Goal of the exercise. When a picture appears in the listing, leave it out and copy the rest exactly as it stands.

Data section.
☆ ☆ ☆ ☆

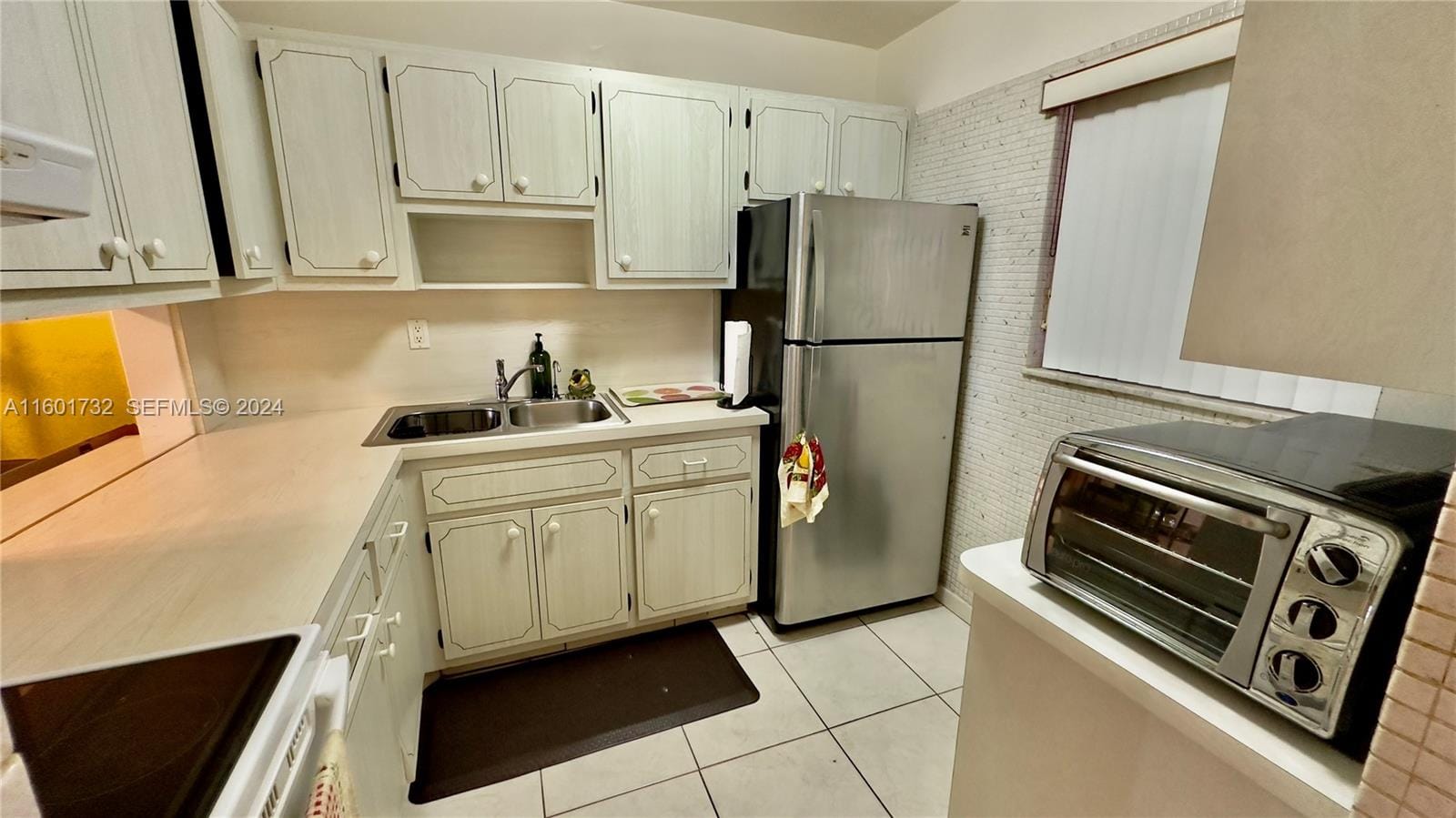 140 Royal Palm Road 312 — photo 11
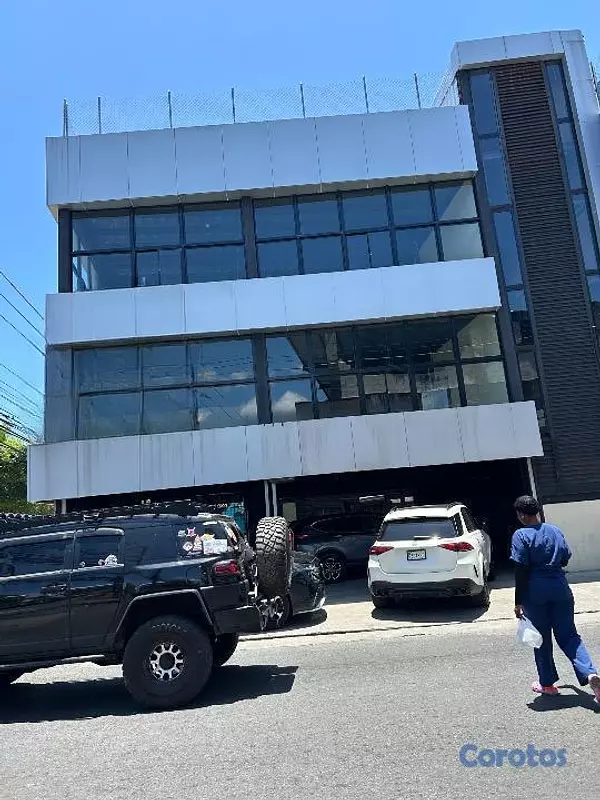 oficinas y locales comerciales - Edificio en Alquiler en el Ensanchez la Fe 5
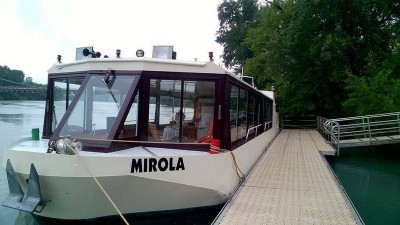 MIROLA b (Copier).jpg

☆ ☆ ☆ ☆

Problem solution.
 140 Royal Palm Road 312 — photo 11
 oficinas y locales comerciales - Edificio en Alquiler en el Ensanchez la Fe 5
 MIROLA b (Copier).jpg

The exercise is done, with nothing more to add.